Sound editors and mixers roundtable panel: Only Murders in the Building, Under the Banner of Heaven, Welcome to Earth, Wheel of Time, Women of the Movement
“I personally got in by fluke. I did not have any intention on being in sound,” says “Women of the Movement” supervising sound editor Bobbi Banks about how she entered her specialized field. She actually started as an administrative assistant at Sound One and learned the trade there over time. Now she’s one of the leading artists in her field, at one point serving as the president of the Motion Picture Sound Editors. We talked to her and her fellow sound artists Mathew Waters (“Only Murders in the Building”), Michael J. Benavente (“Under the Banner of Heaven”), Jay Price (“Welcome to Earth”) and Matt Skelding (“The Wheel of Time”) for our “Meet the Experts” TV sound editors and mixers panel. Watch our roundtable discussion above. Click each person’s name above to watch that person’s individual chat.
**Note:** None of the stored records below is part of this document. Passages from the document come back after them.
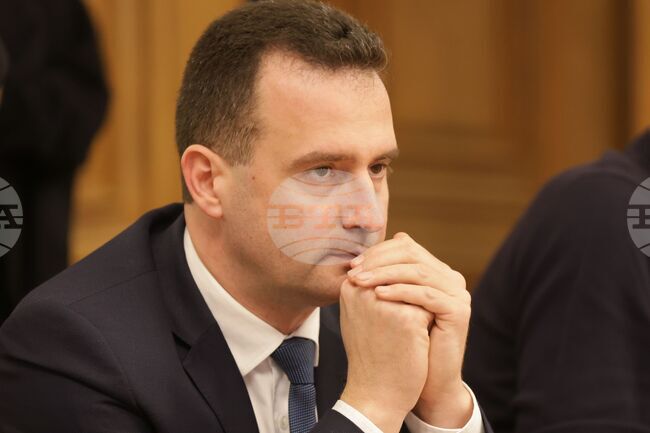 Битовите потребители да бъдат спокойни, държавата няма да допусне поскъпване на електроенергията, заяви министър Станков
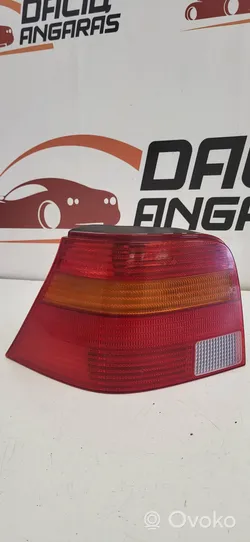 Volkswagen Golf IV Lampa tylna 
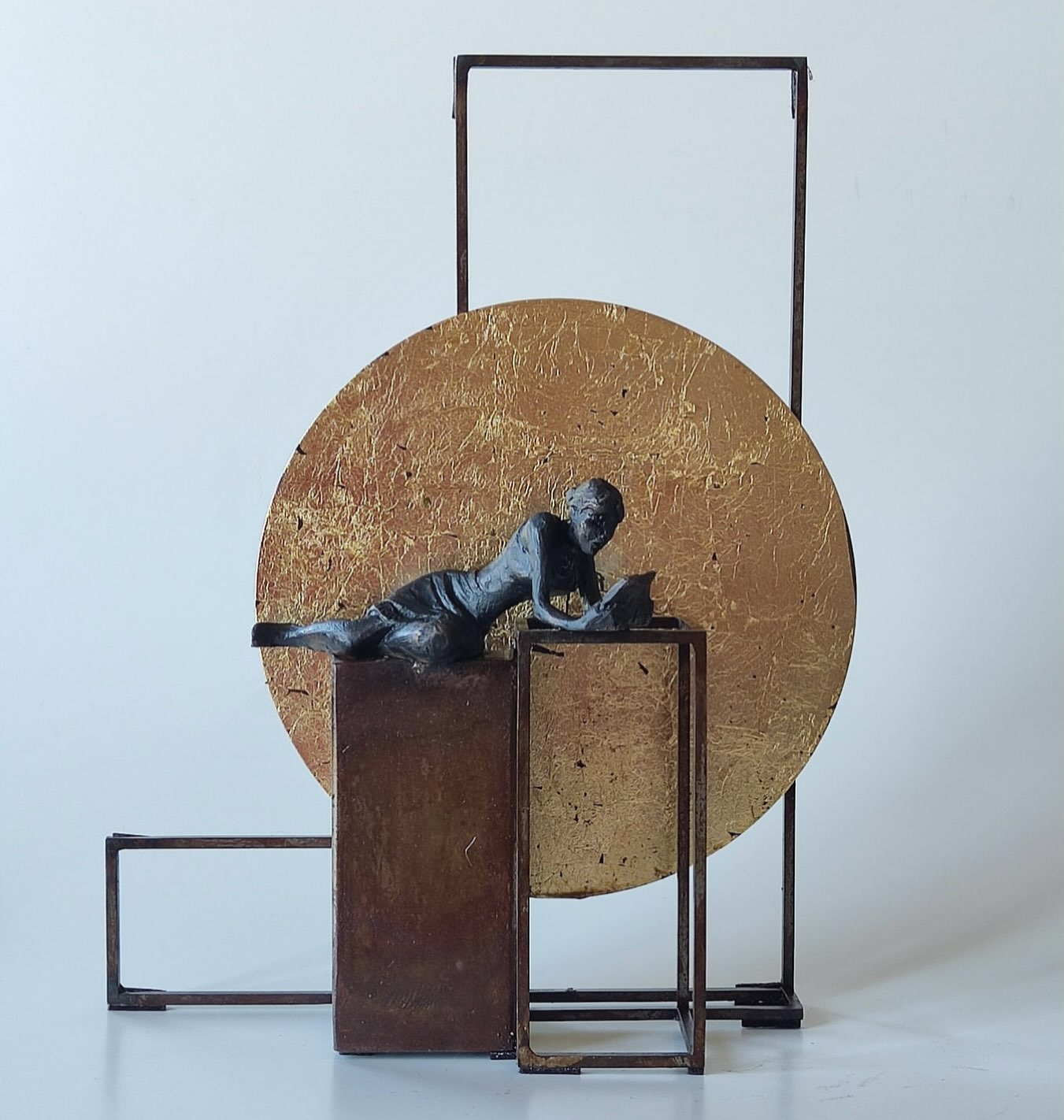 New sculpture has just arrived all the way from Spain from sculptor Artigasplanas. ❤️
“Anna Karenina 2” from Artigasplanas. This lovely lady is made of bronze, iron with gold leaf. She measures at 13” h x 10.5” w x 3.5” d.
She can sit on a tabletop or hang on the wall.
You can find “Anna Karenina 2” and more new sculpture from Artigasplanas, now on view and available exclusively @thewitgallery
For more information and purchases, please visit our website thewitgallery.com, contact info@thewitgallery.com or DM to inquire.
.
.
.
.
.
.
.
.
Art | Art Gallery | Museum | Art Collection | Collection | Artist | Contemporary | Art Collector | Glass | Blown Glass | Painting | Gallery | Modern | Miami | Art Week | Massachusetts | Berkshires | Photo | Reels | Artwork | Woman Owned | Business | POV | Discover | Explore | Collector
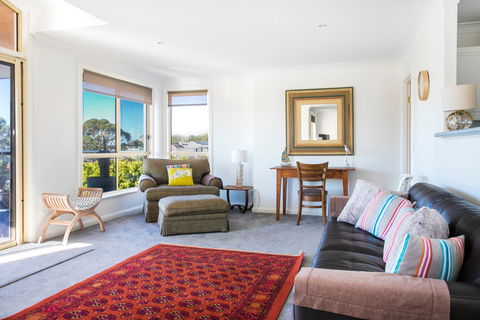 Summer Days - Kempsey Accommodation 1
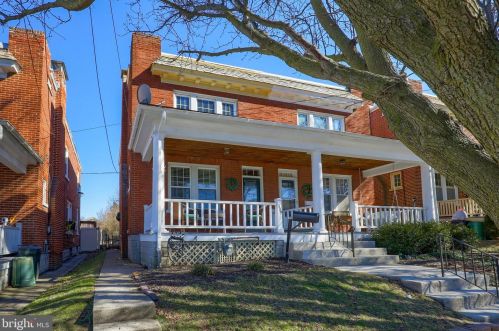 309 Rider Ave, Lancaster PA  17603-4832 exterior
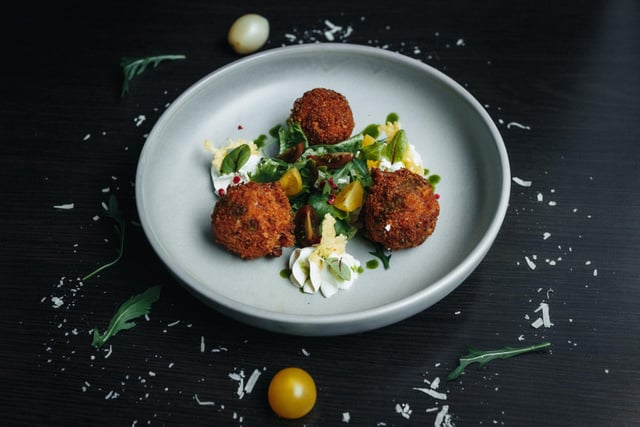 Salué par le Michelin, "Meilleur restaurant végétarien du monde” en 2020 : cet établissement lyonnais va pourtant fermer ses portes fin août !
Since Banks has been passionate about raising the profile of sound design, we asked our panelists how they entered the field. For Waters, it was very much a case of being inspired by an expert in the business. “I was a radio and TV major in college,” he explains, but his teacher’s son was Stephen Flick, who had won a Special Achievement Oscar for sound effects editing in “RoboCop” (1987). “He came up and talked to us about what he did for a living. And I was like, oh my gosh, that’s everything I like to do. I never knew that existed.”
Price’s journey to sound design was through music. “I didn’t know anything about the world of sound post,” but a friend who’d made a film approached him and, like Waters, “I had no idea that this was a job.” After that he sought out short films, went to international film school, started working as an assistant sound editor and worked his way up from there. Serendipity struck Benavente too. At UCLA, “I didn’t know exactly what I wanted to do. I just wanted to work in the entertainment industry.” He landed a job in editorial at ABC television before being taken on as a sound assistant by none other than the aforementioned Stephen Flick, and the rest is history.
Skelding also describes his career path as “a bit of an accident.” He studied music and sound recording and “had to do a year’s placement from university in the industry.” He expected to land at a music studio, but he was “blown away” when he interviewed at a post facility and was brought into a mix stage where they were “mixing the sound of a tie falling into one’s soup … I couldn’t comprehend that I was unaware that this process happened.” So the road to sound mixing and editing isn’t always a straight line, especially when the discipline isn’t as well known and publicized as, say, writing, directing or animation. You can’t get your dream job if you don’t even know it’s out there. But all those who watch this panel now have five examples of what a career in sound sounds like.